--- TASK OBJECTIVE ---
When you write out the listing below, keep each word exactly as it stands and drop the pictures.

[Opening RECORDED DATA section]

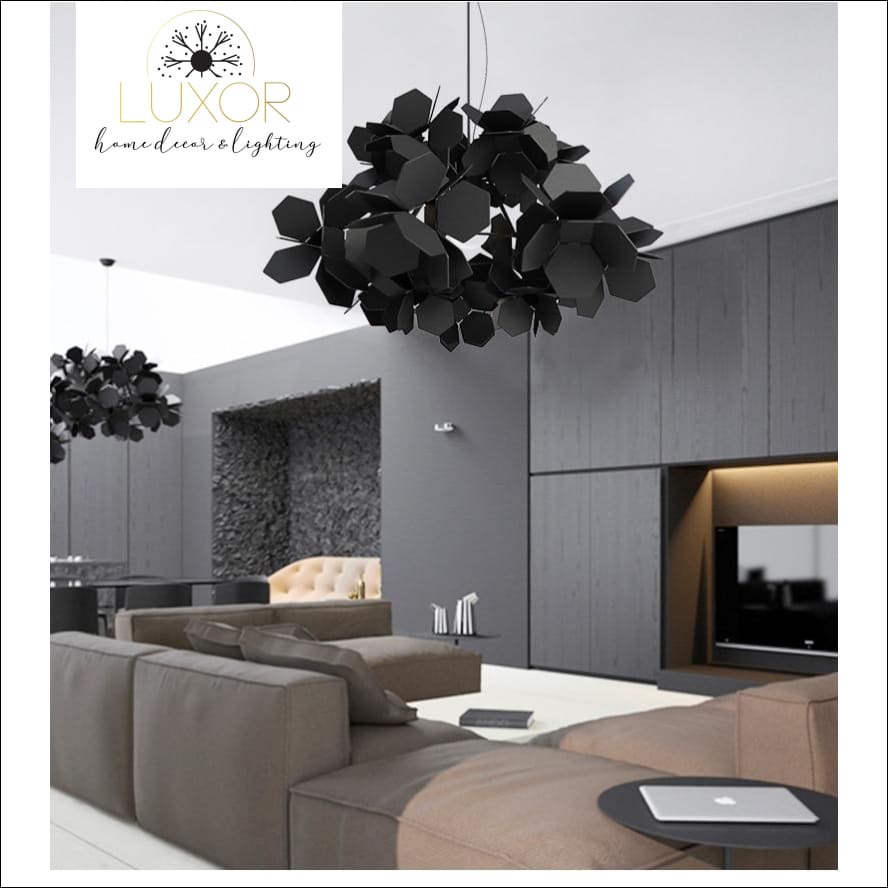 pendant lighting Wrought Iron Nordic Pendant - Luxor Home Decor & Lighting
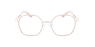 Lunettes de vue femme MAGIC254 rose/dorée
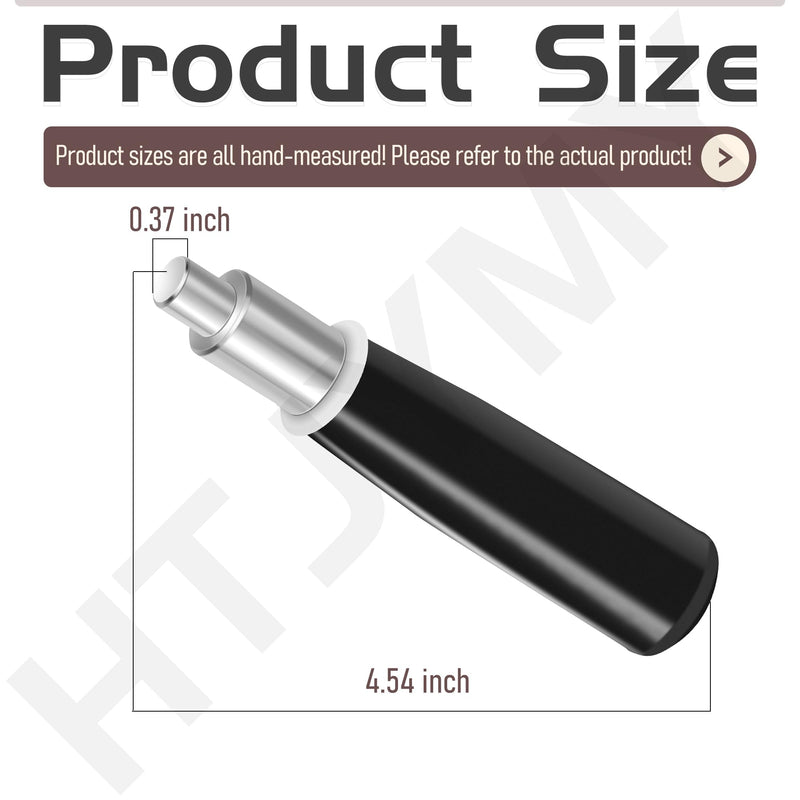 2 Pack 0004342 0005854 Black Wooden Stove Handle Replacement Part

[Closing RECORDED DATA section]

--- SOLUTION TO THE PROBLEM ---
 pendant lighting Wrought Iron Nordic Pendant - Luxor Home Decor & Lighting
 Lunettes de vue femme MAGIC254 rose/dorée
 2 Pack 0004342 0005854 Black Wooden Stove Handle Replacement Part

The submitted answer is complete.